____ Data below

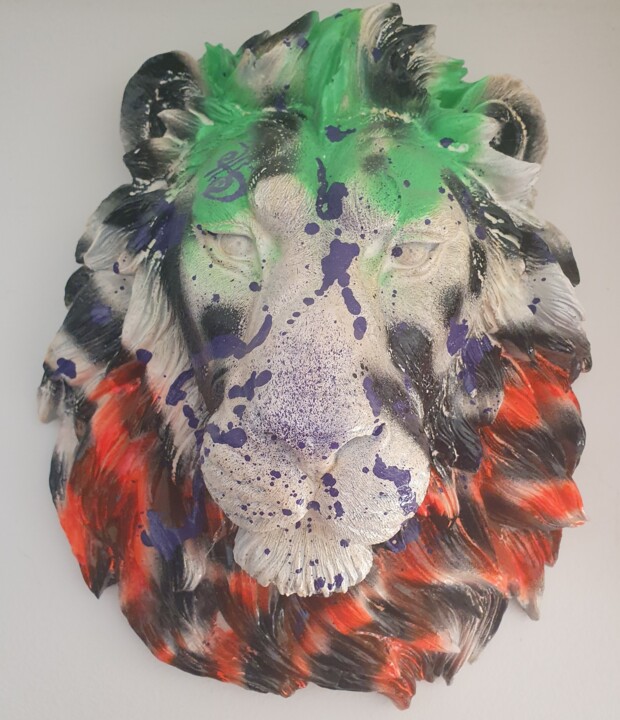 Vandal Lion 雕塑, 15.8x11.8 in
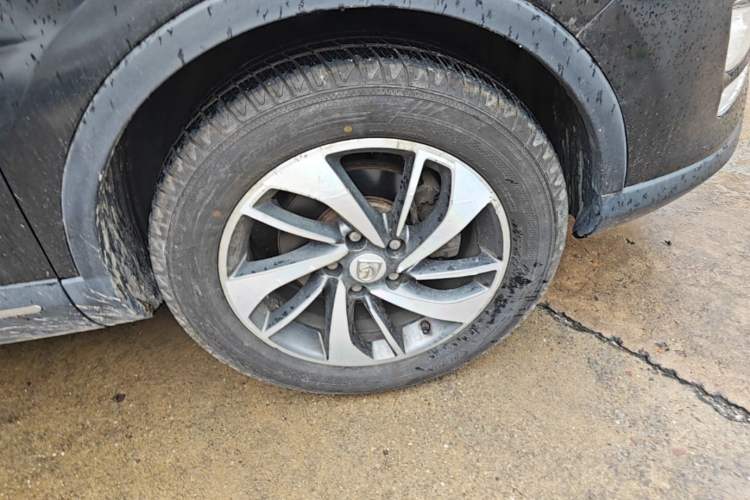 Used Baojun 560 2016 1.8L Manual Luxury Edition Right Front Wheel Hub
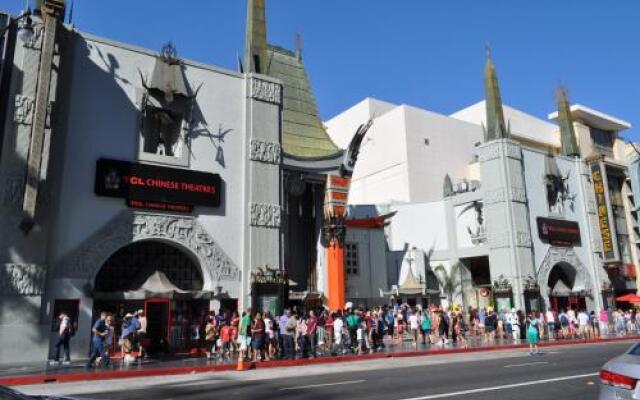 Hollywood View Apartment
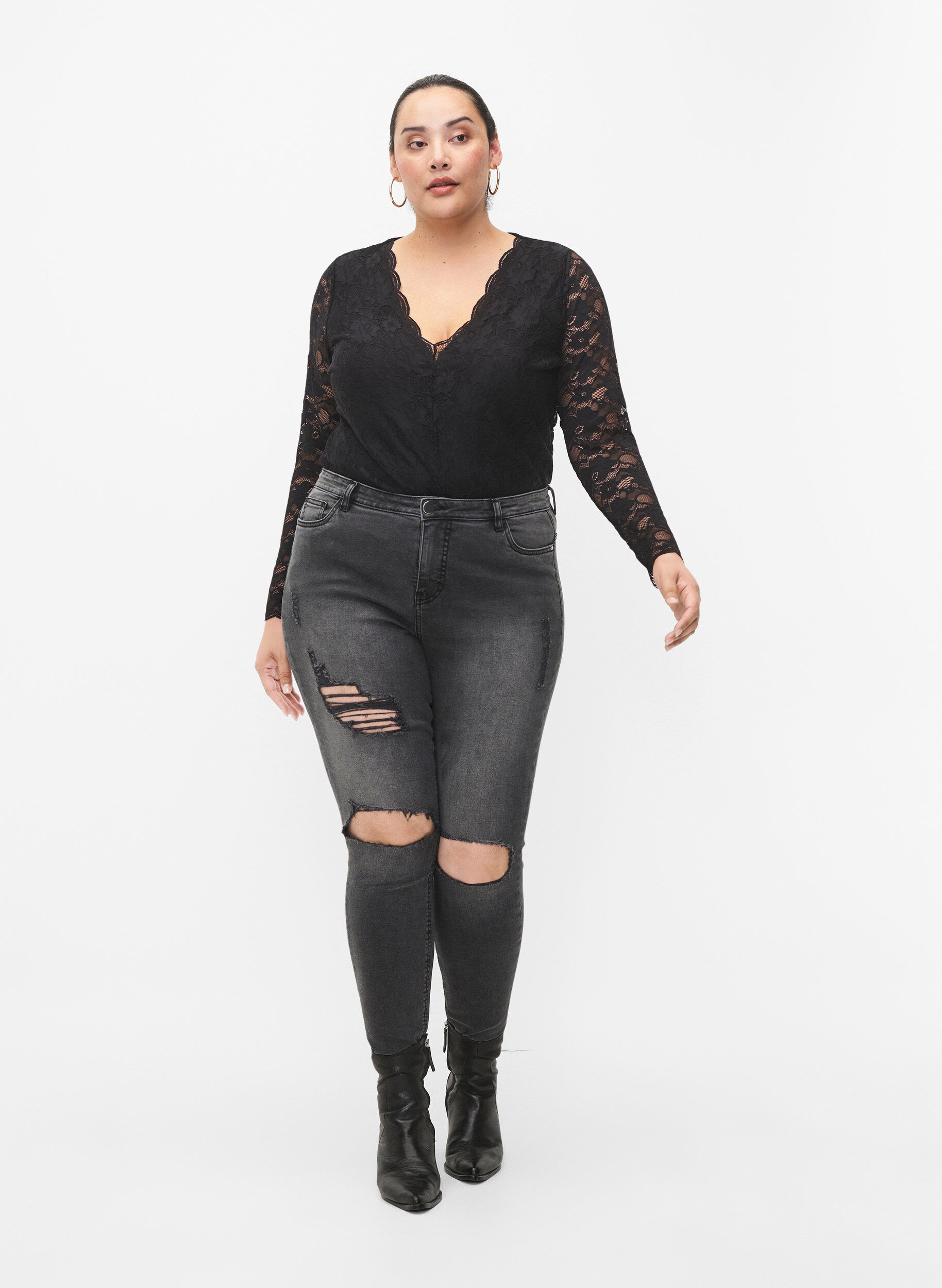 Zizzi Strakke jeans met slijtagedetails, Grey Denim, Model image number 0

________

Task to carry out -
Leave out the pictures and give the listing above again exactly.

Result below -
 Vandal Lion 雕塑, 15.8x11.8 in
 Used Baojun 560 2016 1.8L Manual Luxury Edition Right Front Wheel Hub
 Hollywood View Apartment
 Zizzi Strakke jeans met slijtagedetails, Grey Denim, Model image number 0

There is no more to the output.